Transformers - Foundation Models

Tokenization¶

Transformers operate on the embeddings of discrete tokens. However, transforming input data into a stream of tokens is a non-trivial and necessary preprocessing step.

On text data, a naive approach would be to use full words as tokens and just use those as tokens. What problem do you see with this approach?

The algorithm typically used for text tokenization is byte-pair encoding. Briefly summarize how this works.

Describe a tokenization procedure for image data. Hint: A widely used approach was introduced in the Vision Transformer (ViT)^[1].

Query, Key, and Values¶

Remark: If you are confused by the attention mechanism, we highly recommend the excellent YouTube video by 3blue1brown on this topic (youtu.be/eMlx5fFNoYc).

Using the terms “query”, “key”, and “value”, compare the core idea of transformers to a database lookup. What are similarities and what are differences?

For the rest of this task we fix the following notation: let $Q$ be the query matrix, $K$ the key matrix, $V$ the value matrix, and $\textbf{e}_i$ the embedding of token $i$ . The keys and queries have dimension $d_k$ and the values have dimension $d_v$ .

Write down the formula for comuting the attention score $\alpha_{j, i}$ between the query vector $\mathbf{q}_j$ and the key vector $\textbf{k}_i$ . Explain the purpose of each step in the computation.

Write down the formula to compute the attention output $\mathbf{o}_j$ for a query $\mathbf{q}_j$ given the attention scores $\alpha_{j, i}$ .

Given the embedding vector $\mathbf{e}_i$ of token $i$ , how do we compute the corresponding query vector $\mathbf{q}_i$ , key vector $\mathbf{k}_i$ and value vector $\mathbf{v}_i$ ? How can we derive the vectors from the matrices $Q$ , $K$ and $V$ ?

What dimensions does each matrix $K$ , $Q$ , $V$ have?

In task 3, we derived the attention outputs for a single query vector. Write down the formula for the outputs in matrix form instead, i.e. for all queries in parallel.

Calculate the attention scores as well as the outputs for the following example:
$\begin{gathered}Q = \begin{pmatrix}1 & 0\\0 & 1\end{pmatrix},\quad K = \begin{pmatrix}1 & 1\\ -1 & 1\end{pmatrix},\quad V = \begin{pmatrix}1 & 5 & 25\\ 5 & 0 & 0\end{pmatrix}\end{gathered}.$
(1)
You may use the fact $\exp\bigl(1/\sqrt{2}\bigr) \approx 2$ .

Explain multi-head attention and why it is helpful.

What is the difference between cross-attention and self-attention?

Positional encoding¶

What is positional encoding and why do we need it?

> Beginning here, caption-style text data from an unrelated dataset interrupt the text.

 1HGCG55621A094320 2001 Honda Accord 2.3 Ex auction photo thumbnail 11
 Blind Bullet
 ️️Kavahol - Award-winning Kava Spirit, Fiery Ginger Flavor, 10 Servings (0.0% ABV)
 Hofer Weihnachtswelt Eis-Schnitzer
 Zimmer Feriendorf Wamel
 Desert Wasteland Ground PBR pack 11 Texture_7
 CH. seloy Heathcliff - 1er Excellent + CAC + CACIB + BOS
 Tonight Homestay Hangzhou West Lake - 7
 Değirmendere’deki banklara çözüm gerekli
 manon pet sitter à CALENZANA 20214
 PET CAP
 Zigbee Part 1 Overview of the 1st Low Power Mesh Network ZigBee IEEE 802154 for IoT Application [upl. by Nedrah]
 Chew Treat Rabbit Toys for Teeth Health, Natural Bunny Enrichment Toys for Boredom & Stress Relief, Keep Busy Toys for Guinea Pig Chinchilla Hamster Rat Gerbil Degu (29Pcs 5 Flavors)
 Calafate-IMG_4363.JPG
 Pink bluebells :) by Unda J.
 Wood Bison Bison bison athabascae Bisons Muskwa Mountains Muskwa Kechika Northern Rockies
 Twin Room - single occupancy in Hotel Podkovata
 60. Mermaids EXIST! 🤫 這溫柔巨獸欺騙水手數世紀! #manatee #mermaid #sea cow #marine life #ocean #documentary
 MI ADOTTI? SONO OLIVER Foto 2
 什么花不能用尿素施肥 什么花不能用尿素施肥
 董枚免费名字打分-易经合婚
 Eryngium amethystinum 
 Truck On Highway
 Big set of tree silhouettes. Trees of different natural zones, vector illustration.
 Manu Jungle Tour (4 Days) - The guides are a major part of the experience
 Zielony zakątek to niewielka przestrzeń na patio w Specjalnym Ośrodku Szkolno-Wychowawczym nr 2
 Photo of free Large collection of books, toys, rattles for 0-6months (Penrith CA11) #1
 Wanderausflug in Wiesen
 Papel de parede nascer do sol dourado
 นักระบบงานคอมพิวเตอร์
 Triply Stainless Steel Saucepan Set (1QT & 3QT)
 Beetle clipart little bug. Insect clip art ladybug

Calculate the sinusoidal positional encoding $\mathbf{z}_i \in \mathbb{R}^6$ of position $i$ for $d_k = 6$ .

Transformer components¶

Compare the transformer from “The Annotated Transformer”^[2] with “nanoChat”^[3]. Name three differences and explain what the differences are.

Homework¶

Finish this exercise sheet and review the solutions! The sheets are not graded but solving them helps a lot to prepare for the exam. We provide solutions to the exercises on Ilias. Write your own solutions down FIRST (best by hand!) and review our solutions only AFTER you finished the exercises.

Footnotes¶

An Image is Worh 16x16 Words: Transformers for Image Recognition at Scale, Dosovitskiy et al. arxiv.org/pdf/2010.11929
↩
nlp.seas.harvard.edu/annotated-transformer/
↩
github.com/karpathy/nanochat/discussions/481
↩